The biggest multinational corporations don’t even pay corporate income taxes. Rather they profit off them, something I exposed 13 years ago and that a three-volume study by the Congressional Joint Committee on Taxation later confirmed.
What makes this possible are a few seemingly innocuous words slipped into the 1986 Tax Reform Act that hardly anyone noticed at the time. Those words allow multinational corporations to evade the caps on how much cash and near-cash domestic companies can hold by simply moving their profits offshore.
Since 1909 Congress has limited cash hoarding because it damages the economy. Just as the economy would collapse if everyone cashed their paychecks and stuffed greenbacks in their mattresses, so too is economic growth damaged when corporations hoard cash instead of reinvesting.
But under the 1986 law American companies pay royalties, rents, and fees to their offshore subsidiaries, using accounting alchemy to convert profits into expenses. As long as those profits are held in so-called deferral accounts with an offshore mailing address, no taxes are due.

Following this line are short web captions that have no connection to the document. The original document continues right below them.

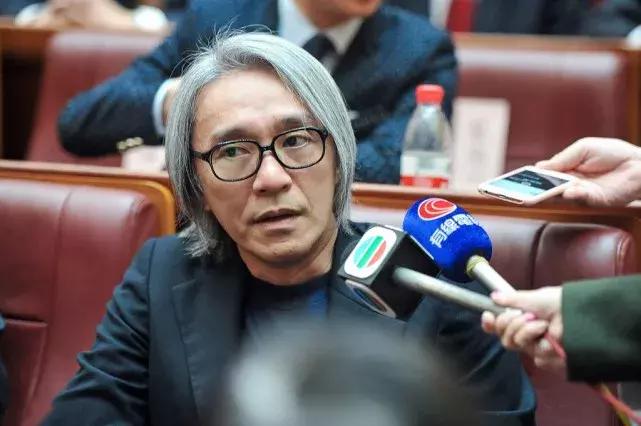 盘点5大最经典的足球电影,最经典的五部足球电影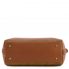 Женская сумка Tuscany Leather TL141885
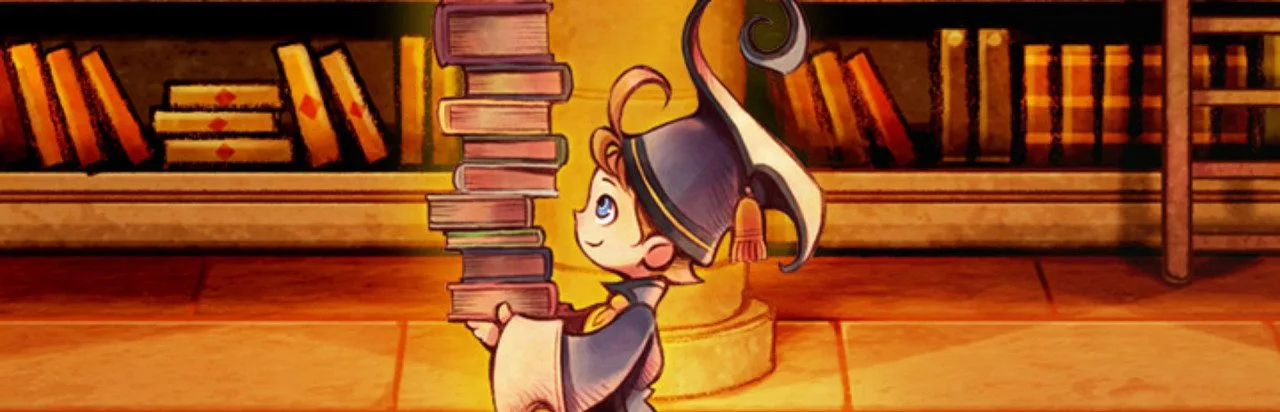 Final Fantasy Record Keeper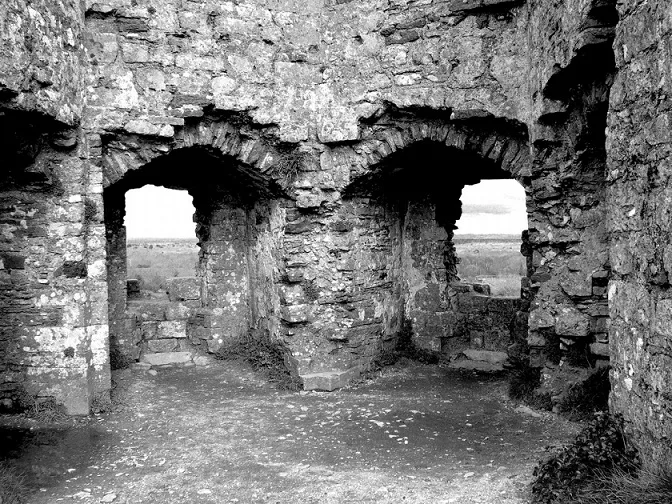 Loki's Ultimate Retaliation cover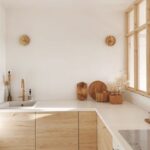 pretty everything : kitchen sink-ware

You would get the same deal if Congress let you take a deduction for every dollar in your right pocket that you moved to your left pocket and kept there.
The next part, though, is even more perverse: the multinationals buy the Treasury bonds that the federal government sells because it didn’t collect those corporate taxes right away. The government then pays these multinationals interest on their deferred taxes.
Do this for long enough and the magic of compound interest will result in more money than the value of the taxes owed, which are eroded by inflation. In effect Uncle Sam loans these companies their taxes at 0 percent interest and then pays them interest on the loan. If you could get a bank to do that for you when you buy a house, after three decades with no payments you would have enough money to pay the bank the deferred purchase price and enjoy three to four times the house’s price in cash.
Of course, no banker is dumb enough to give you that deal. But Congress gives it to multinationals like Apple and GE and to billionaires like Warren Buffett every day. So when their shareholder reports indicate that they paid a tiny percentage of their profits in taxes, they really made a profit and paid Uncle Sam a small fee on their profits from deferring payment.
Here’s the good news buried in that outrage: These huge corporate deferral accounts can be tapped to pay for investments that will move us away from extreme inequality, generate millions of new jobs, and create future wealth through basic research and improved infrastructure.
The 2004 American Jobs Creation Act gave multinationals an 85 percent discount on offshore profits brought home. When the proposal was being discussed, proponents said it would create 660,000 jobs. But as soon as the law took effect its biggest beneficiary, Pfizer, started firing 40,000 workers. Pfizer escaped about $10 billion in taxes. Like some other companies, Pfizer used the tax savings to buy back its own stock, which increased the value of stock options held by executives.
Instead of letting companies bring this offshore money home after paying little or no tax, as Congress did in 2004, those deferrals can be ended in a way that will stimulate the economy.